Di dalam tradisi penulisan tembang, Sunan Muria dianggap sebagai pencipta tembang-tembang cilik (sekar alit) jenis Sinom dan Kinanthi.
Sunan Muria menggunakan pendekatan budaya dalam berdakwah, termasuk memanfaatkan kesenian Jawa seperti gamelan, wayang, dan tembang macapat, khususnya Sinom dan Kinanthi. Ia juga berinteraksi langsung dengan masyarakat pedesaan dan petani, mengajarkan keterampilan bercocok tanam, berdagang, dan kesenian. Sunan Muria juga dikenal dengan metode “topo ngeli”, yaitu berbaur dengan kehidupan masyarakat untuk berdakwah.
- Sunan Gunung Jati
Sunan Gunung Jati atau lebih dikenal sebagai Sayyid Al-Kamil adalah salah seorang dari Walisongo, ia dilahirkan Tahun 1448 Masehi dari pasangan Syarif Abdullah Umdatuddin Sultan Pertama Kesultanan Champa dan Syarifah Mudaim (Nyai Rara Santang), putri dari Sri Baduga Maharaja (Prabu Siliwangi) dari Kerajaan Padjajaran.
Beliau dinobatkan menjadi Tumenggung Cirebon ke-2 pada tahun 1479 dengan gelar Maulana Jati. Beliau juga menikahi seorang Syarifah bernama Nyai Ageng Tepasari (putri dari Ki Gede Tepasan/ Arya Jaka Semprung yang merupakan Keturunan Brawijaya V yang menurunkan sultan-sultan Cirebon. Dari pernikahan tersebut maka Sayyid Al-Kamil mendapat sebutan Syarif Hidayatullah.

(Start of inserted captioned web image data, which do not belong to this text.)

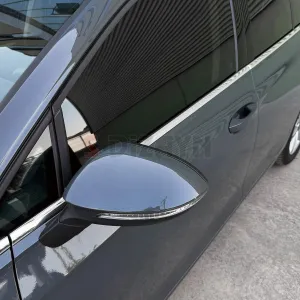 S-Dizayn VW Golf 8 HB Krom Cam Çıtası 6 Prç. 2020 Üzeri A+ Kalite thumb 4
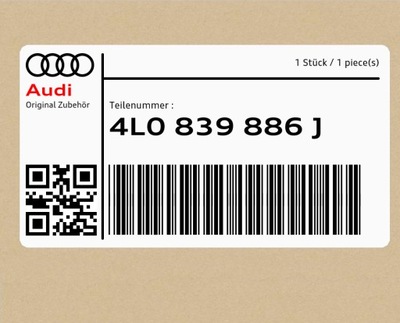 Направляющая правая audi q7 фото №1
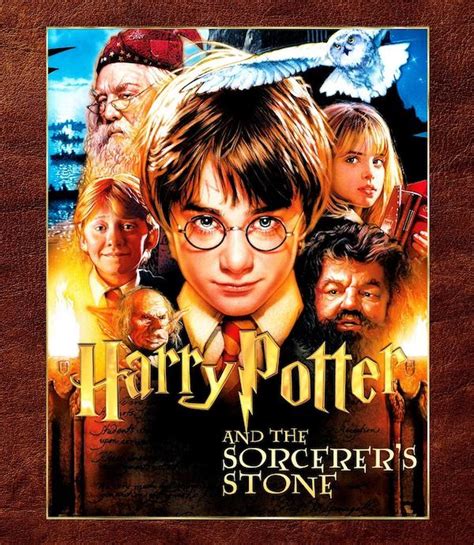Harry Potter And The Sorcerers Stone 2001 Poster Us 14182012px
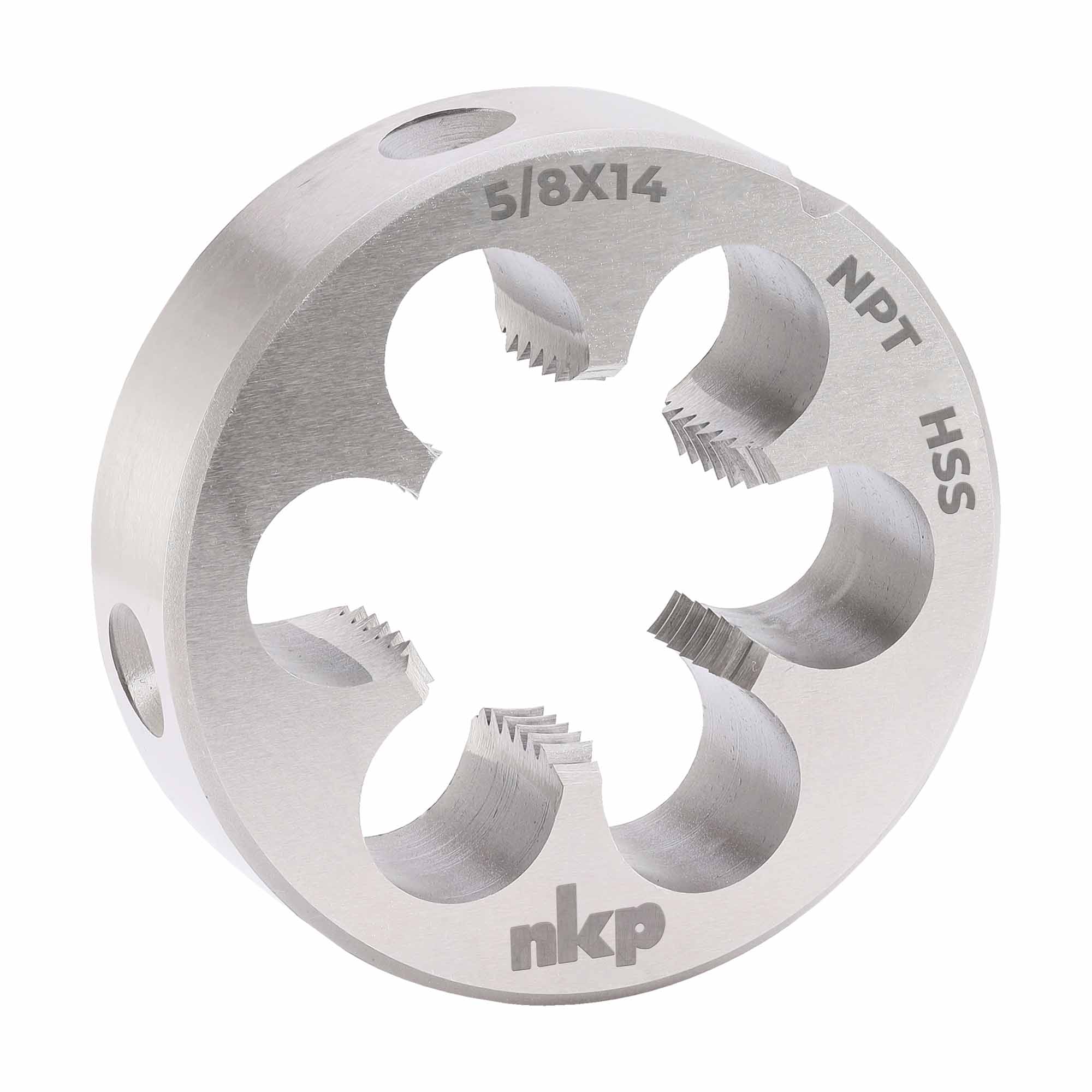 Плашка коническая NKP NPT 5/8"-14 HSS DIN EN 24230 55x22мм 121001-N2-5632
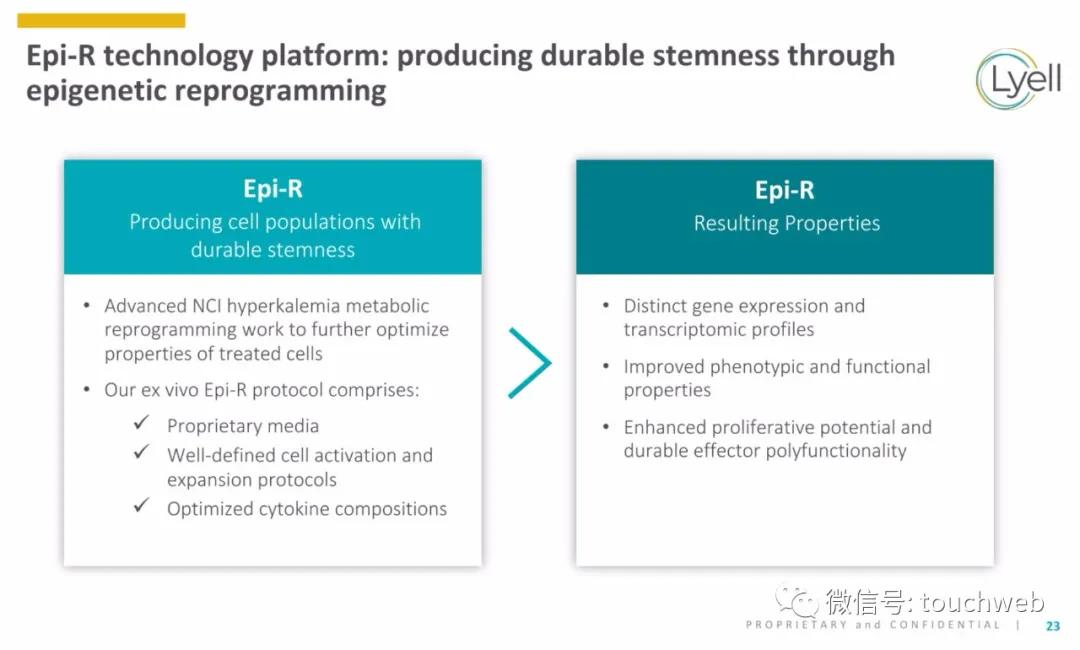 肿瘤免疫治疗公司Lyell冲刺美股：年亏2亿美元路演PPT曝光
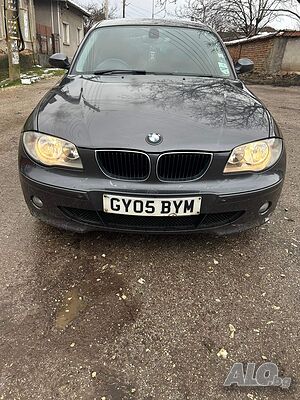 BMW 120d на части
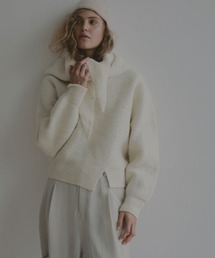 ETRE TOKYO | バンピーストールニットプルオーバー(ニット/セーター)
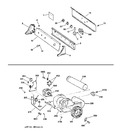 Diagram for 1 - Backsplash, Blower & Motor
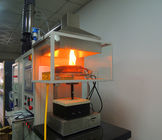燃焼性の試験装置の円錐形の熱量計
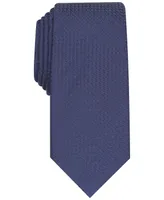 Alfani Men's Slim Textured Tie, Created for Macy's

Sunan Gunung Jati menggunakan berbagai metode dakwah, termasuk pendekatan kultural dengan menghormati budaya lokal, serta pendekatan struktural. Ia juga menekankan toleransi dan berdakwah melalui seni, seperti gamelan dan wayang, serta melalui pernikahan untuk mempererat hubungan sosial dan menyebarkan ajaran Islam secara persuasif.
وَاللَّهُ أَعْلَمُ بِالصَّوَابِ
“Wallahu a’lam bishawab”
“Dan Allah Maha Mengetahui (kebenaran yang) sesungguhnya”.